NuFIT publishes best-fit values and allowed ranges for mixing angles θ12, θ13, θ23, mass-squared differences Δm21^2 and Δm31^2 (or Δm32^2), and the CP-violating phase δCP. Recent releases summarize tension and consistency among data from Daya Bay, RENO, T2K, NOvA, JUNO, and KamLAND. Results address the neutrino mass ordering question contrasting normal ordering favored by analyses incorporating JUNO sensitivity and accelerator data from T2K and NOvA against inverted ordering scenarios discussed in literature by Capozzi et al. and Gonzalez-Garcia. Confidence regions are presented in two-dimensional projections akin to plots used by Particle Data Group and by analysis teams at CERN workshops. NuFIT also quantifies marginalized likelihoods for parameters relevant to neutrinoless double-beta decay experiments like GERDA, CUORE, and KamLAND-Zen.
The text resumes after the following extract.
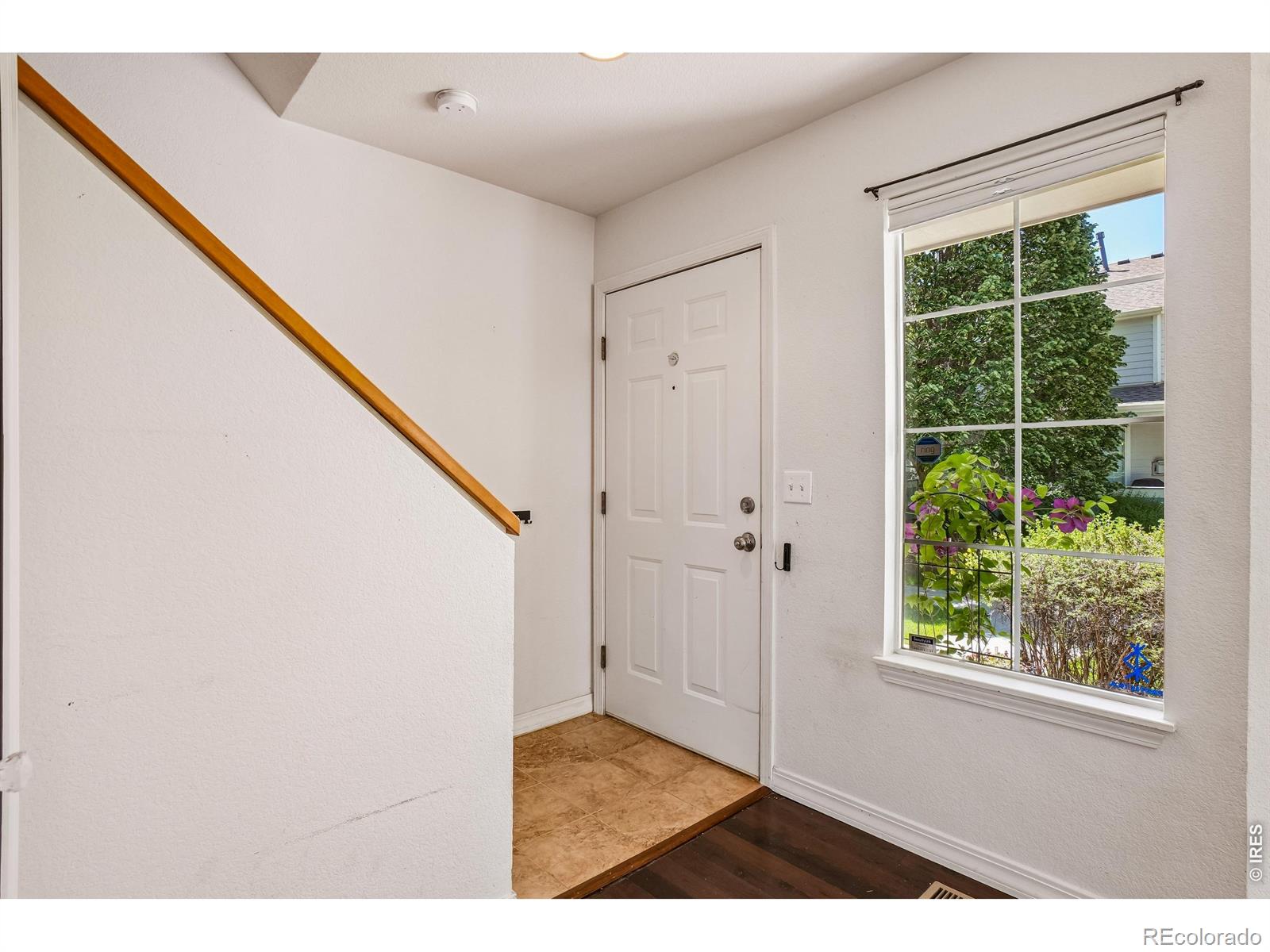 MLS Image #5 for 1419  red mountain drive,longmont, Colorado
NuFIT outputs serve as benchmarks for theoretical model-building at institutions such as Perimeter Institute, Institute for Advanced Study, Kavli Institute for Theoretical Physics, and university groups at MIT, University of Tokyo, Oxford University, University of California, Berkeley, and Princeton University. They inform experimental design studies for projects including DUNE (experiment), Hyper-Kamiokande, JUNO, IceCube-Gen2, KM3NeT, and prospective proposals at SNOLAB. The global fits influence global analyses of leptogenesis scenarios advanced by researchers at CERN and DESY, and feed into cosmological constraints from collaborations such as Planck (spacecraft), SDSS, and teams working on Euclid (spacecraft). NuFIT outputs are incorporated into phenomenological tests of sterile neutrino hypotheses tested by LSND, MiniBooNE, and future short-baseline programs like MicroBooNE and ICARUS.
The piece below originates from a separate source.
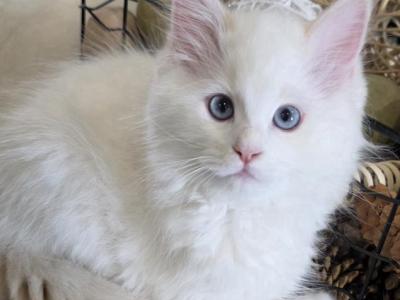 Annies Purrdoll Boys - Ragdoll - Gallery Photo #1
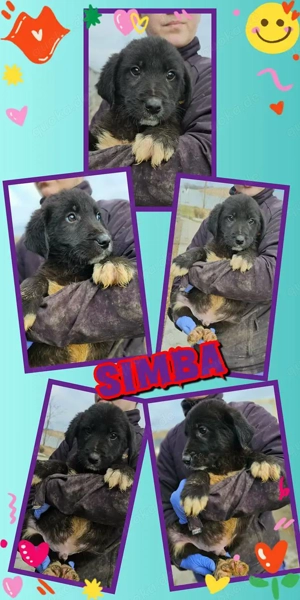 bezaubernder Welpenjunge "Simba" darf ich zu Dir, hast Du ein Körbchen frei für mich?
The NuFIT effort emerged from the consolidation of independent global-fit initiatives in the early 2010s, succeeding legacy analyses by groups led by researchers associated with Gonzalez-Garcia, Maltoni, Fogli, and the Valencia group. Milestones include the incorporation of high-precision reactor results from Daya Bay and accelerator appearance results from T2K and NOvA, updates following significant results presented at conferences like Neutrino 2018 and ICHEP, and regular versioned releases parallel to data releases by major collaborations. The project has evolved through contributions from researchers at Instituto de Física Corpuscular, IFIC, UNAM, Università di Torino, LAPTh, and national laboratories such as INR (Russian Academy of Sciences).
NuFIT distributes tables, contour plots, and likelihood data files accessible to the community and is compatible with analysis toolchains used at Fermilab, CERN, and university groups. The code base leverages languages and ecosystems familiar to particle physicists, integrating with Python (programming language), Fortran, and C++ packages. Documentation and result summaries are prepared for working groups at meetings like Neutrino 2020 and for citation in review venues such as Reviews of Modern Physics and Annual Review of Nuclear and Particle Science. Researchers at JINA-CEE and collaborative networks use NuFIT results for cross-disciplinary studies spanning particle physics and astrophysics.